» What you will do: Lower down are entries containing pictures. Copy exactly, without those pictures, the lines from the line with "AP monogram logo vector" through the line with "FENDER 0992262000 GEN4".

____ Entries shown

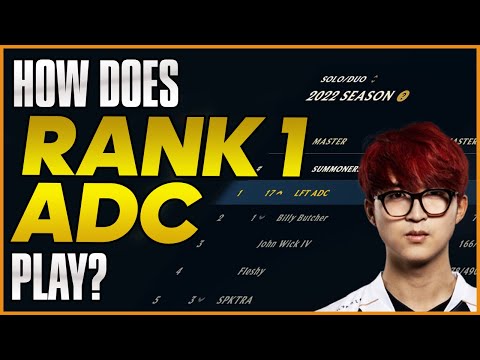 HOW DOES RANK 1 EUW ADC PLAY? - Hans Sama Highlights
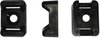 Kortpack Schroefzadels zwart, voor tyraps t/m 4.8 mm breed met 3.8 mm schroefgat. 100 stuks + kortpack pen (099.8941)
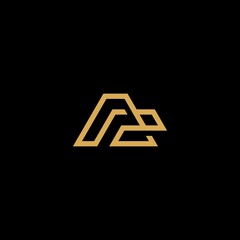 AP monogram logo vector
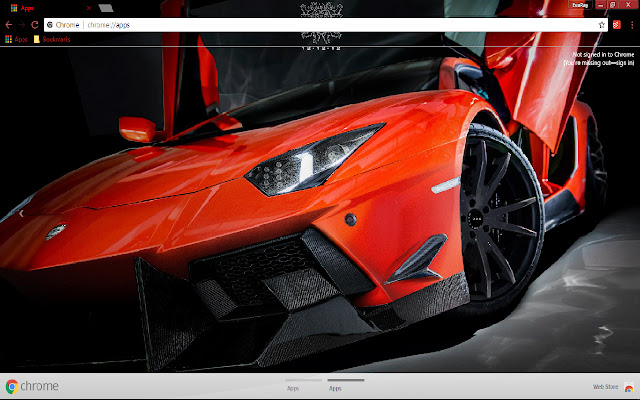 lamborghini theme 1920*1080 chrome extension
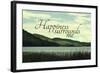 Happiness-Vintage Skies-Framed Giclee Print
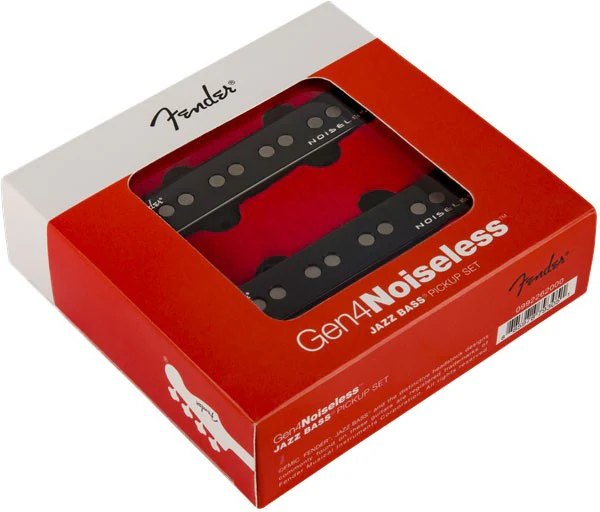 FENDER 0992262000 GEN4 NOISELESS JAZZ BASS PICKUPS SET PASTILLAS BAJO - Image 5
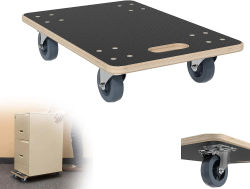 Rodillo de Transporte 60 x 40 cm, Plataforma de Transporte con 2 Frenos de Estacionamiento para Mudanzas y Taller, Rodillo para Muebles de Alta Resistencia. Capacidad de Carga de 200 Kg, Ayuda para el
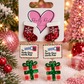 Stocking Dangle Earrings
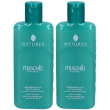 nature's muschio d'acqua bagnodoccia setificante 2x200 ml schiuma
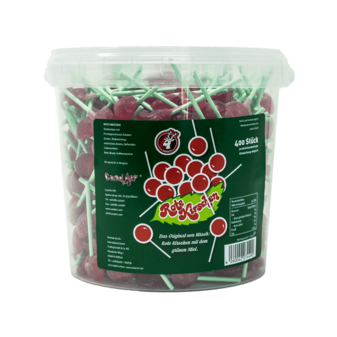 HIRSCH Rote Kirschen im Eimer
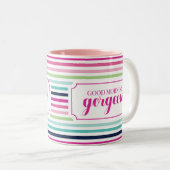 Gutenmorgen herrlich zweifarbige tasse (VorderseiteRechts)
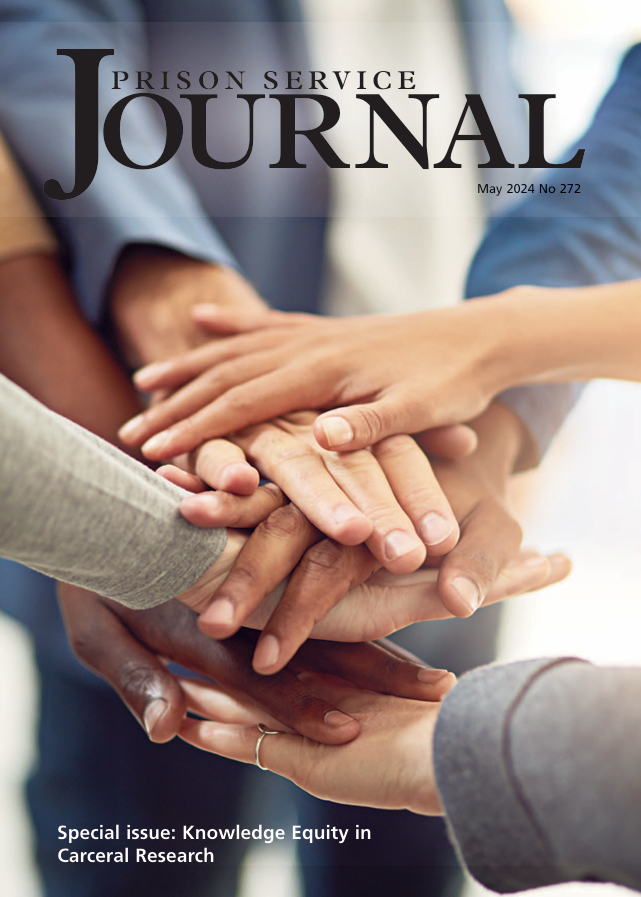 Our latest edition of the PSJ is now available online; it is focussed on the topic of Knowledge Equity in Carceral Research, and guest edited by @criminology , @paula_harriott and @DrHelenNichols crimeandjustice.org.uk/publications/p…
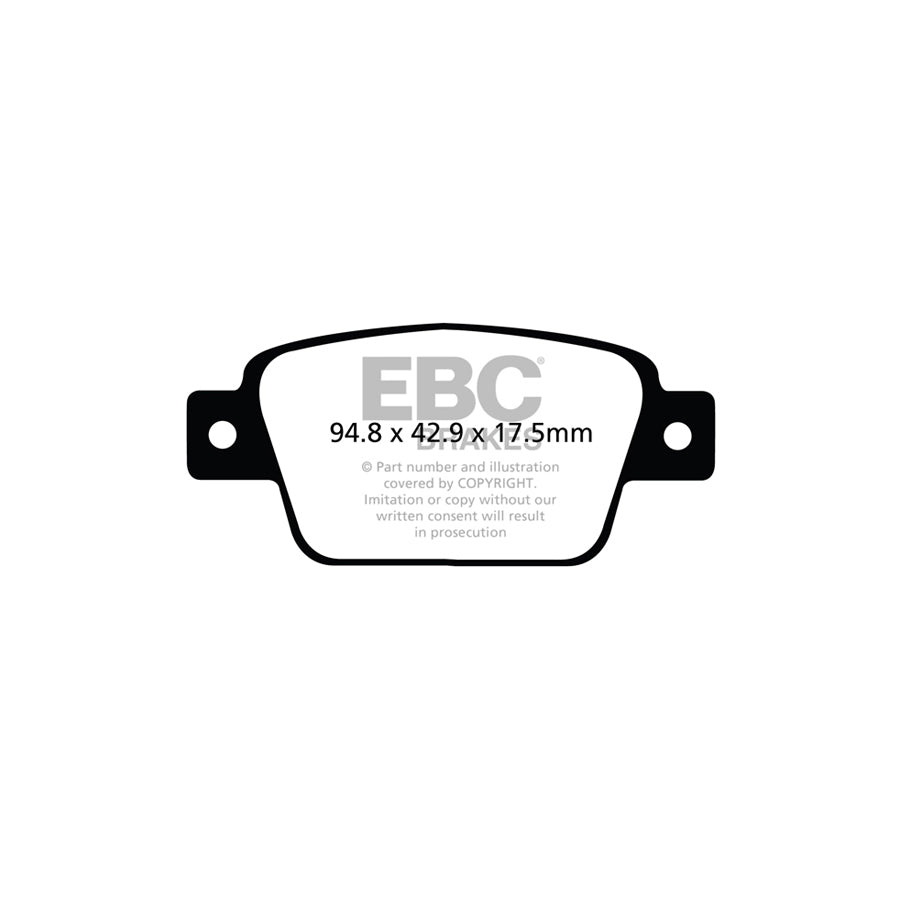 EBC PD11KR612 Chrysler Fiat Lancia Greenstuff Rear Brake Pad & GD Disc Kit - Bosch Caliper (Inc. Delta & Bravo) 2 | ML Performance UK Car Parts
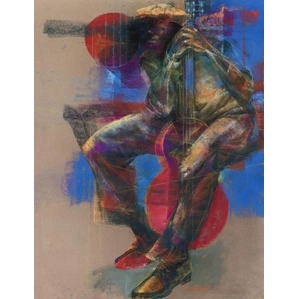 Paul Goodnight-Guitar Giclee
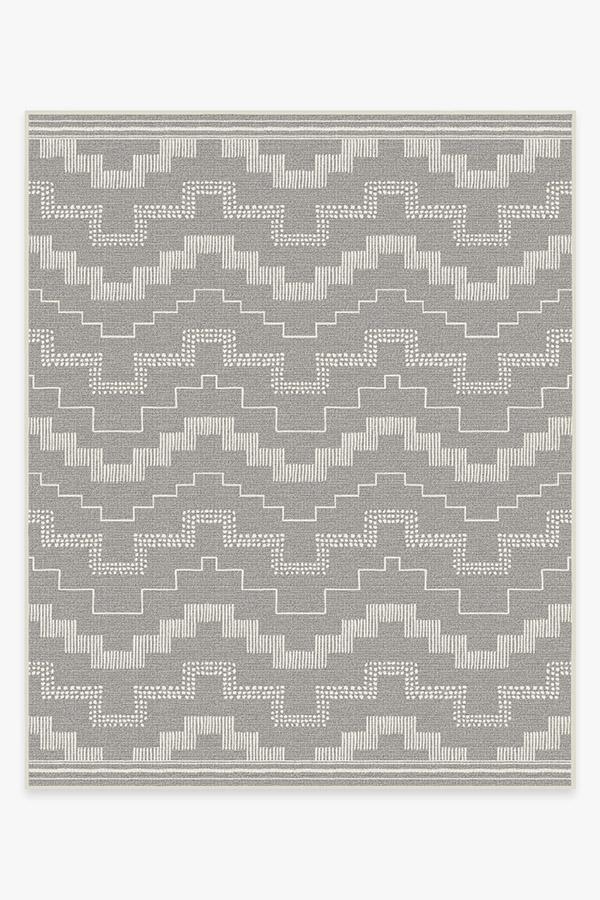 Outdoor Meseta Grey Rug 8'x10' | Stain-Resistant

________

» Reply to the task:
 AP monogram logo vector
 lamborghini theme 1920*1080 chrome extension
 Happiness-Vintage Skies-Framed Giclee Print
 FENDER 0992262000 GEN4 NOISELESS JAZZ BASS PICKUPS SET PASTILLAS BAJO - Image 5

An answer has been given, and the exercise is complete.